Douglass also reported similar festivities across New York State, the nation, and even in parts of the South. In Rochester, New York commemorative exercises were held on Sunday of a “religious character.” In Orange, New Jersey, private dwellings were lit up.

On January 1, there was a public reading of the Emancipation Proclamation at Tremont Temple Baptist Church in Boston. In his memoir, Life of Times of Frederick Douglass (427-430), Douglass described the scene as well as the anticipation and trepidation in the crowd at possible disappointment.

I was in Boston, and its reception there may indicate the importance attached to it elsewhere ... The occasion, therefore, was one of both hope and fear. Our ship was on the open sea, tossed by a terrible storm; wave after wave was passing over us, and every hour was fraught with increasing peril. Whether we should survive or perish depended in large measure upon the coming of this proclamation. At least so we felt. Although the conditions on which Mr. Lincoln had promised to withhold it had not been complied with, yet, from many considerations, there was room to doubt and fear. Mr. Lincoln was known to be a man of tender heart, and boundless patience: no man could tell to what length he might go, or might refrain from going, in the direction of peace and reconciliation ... Every moment of waiting chilled our hopes, and strengthened our fears. A line of messengers was established between the telegraph office and the platform of Tremont Temple, and the time was occupied with brief speeches ... But speaking or listening to speeches was not the thing for which the people had come together. The time for argument was passed. It was not logic, but the trump of jubilee, which everybody wanted to hear. We were waiting and listening as for a bolt from the sky, which should rend the fetters of four millions of slaves; we were watching, as it were, by the dim light of the stars, for the dawn of a new day; we were longing for the answer to the agonizing prayers of centuries. Remembering those in bonds as bound with them, we wanted to join in the shout for freedom, and in the anthem of the redeemed.

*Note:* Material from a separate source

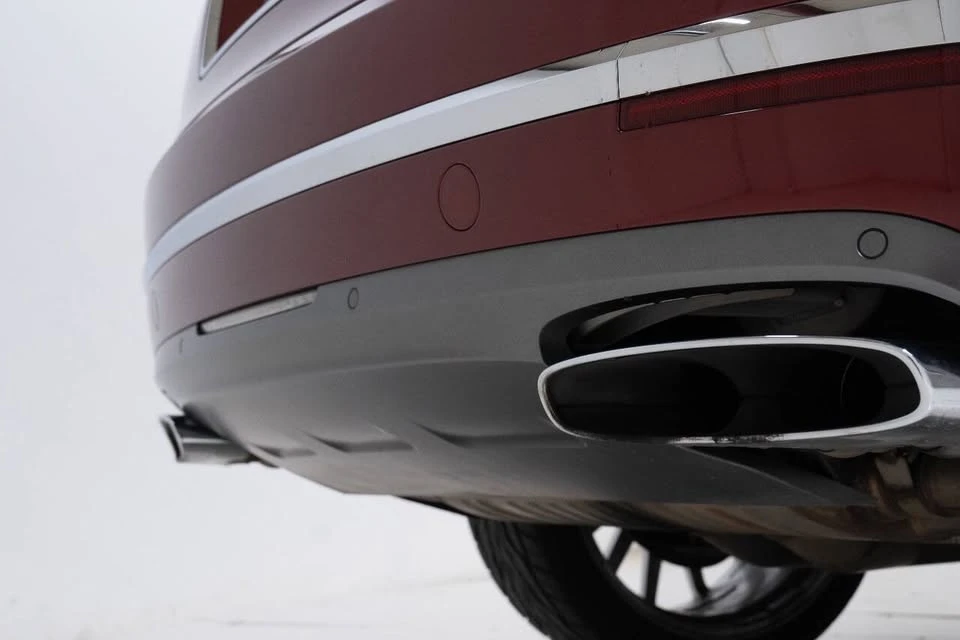 2018 Bentley Bentayga - Image 16 of 19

In Chicago, “the colored people celebrated the gladsome New Year’s Day with appropriate public festivities -- feeling sure of the coming of the Proclamation, before it was issued.” One hundred guns were fired in salute on the Boston Common, in Albany, New York, Pittsburg, Pennsylvania and San Francisco, California.

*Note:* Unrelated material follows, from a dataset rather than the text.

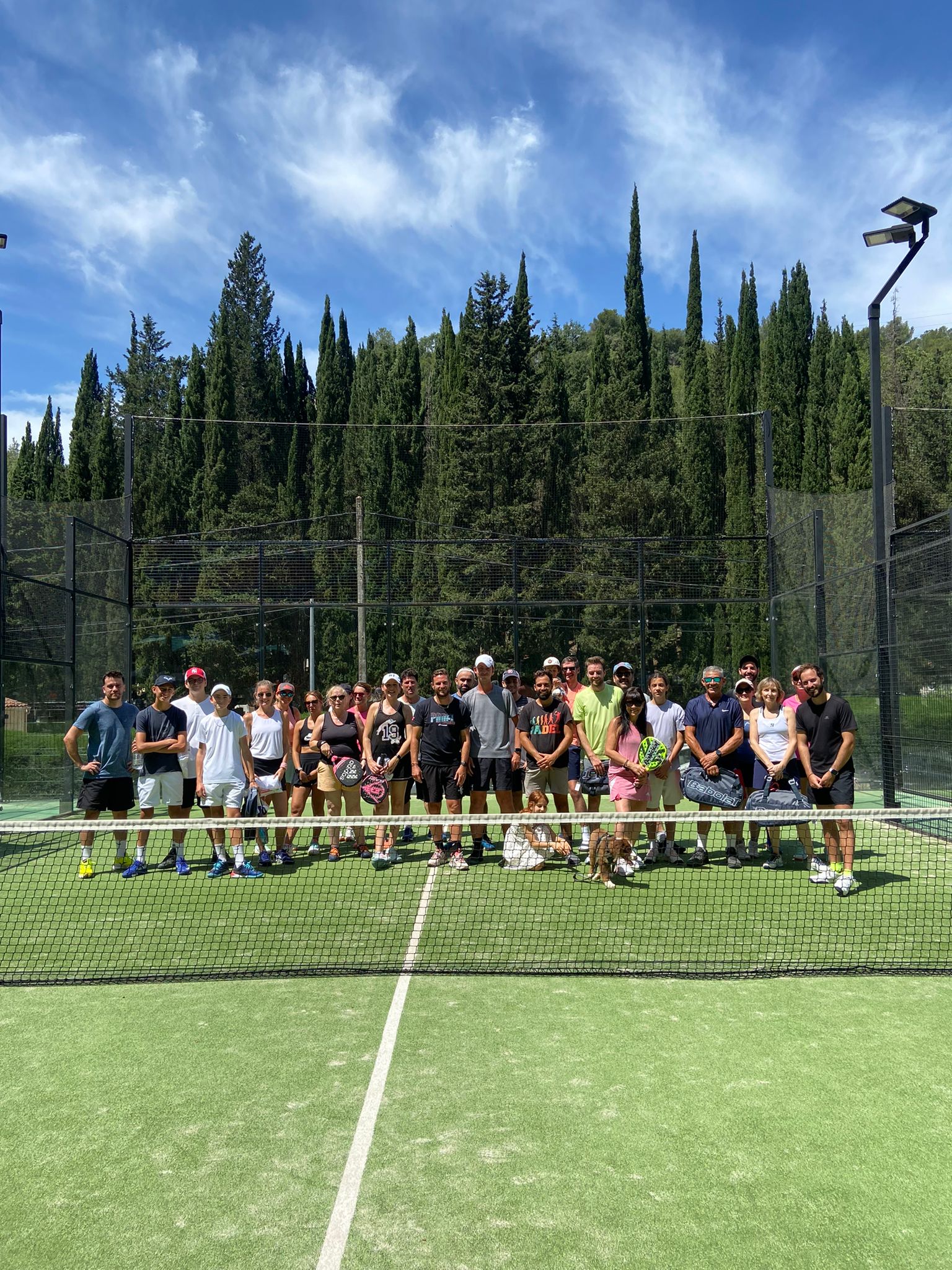 Tennis Club Les Acacias | Tennis & Padel & Calcetto & Piscine & Snack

At Beaufort, South Carolina, “a celebration of the negroes was held in a live-oak grove, Gen. Saxton, Chaplain French, Col. Higginson, Mrs. Frances D. Gage (The Independent’s correspondent,) and others, in addition to the colored people, took part in the exercises. A set of colors, the gift of Dr. Cheever’s church of New York, was presented to the negro brigade. A barbeque followed, consisting of twelve roasted oxen. The health of the President was drunk in molasses and water by the humble people whom he so greatly blest.”

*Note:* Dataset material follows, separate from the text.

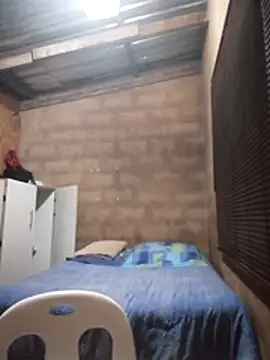 The_pounding_pounder webcam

In Washington D.C., the nation’s capital, “a great flock of contraband – men, women and children assembled” at a hospital for wounded soldiers. “At seven in the evening, a bell-man, rang a bell, calling the people together for the reading of the Proclamation” and a “prayer was offered by an aged contraband.”

We ‘seech thee, O Lord!
To ‘member the Union army, support dem on de right and left to carry on by work.
Go before dem like a burning lamp.
‘Member de President, de sea sailors and land trabbelers; ‘member me, de meanest of dem all. Write us a ticket, and give us free admission to heaven. Amen.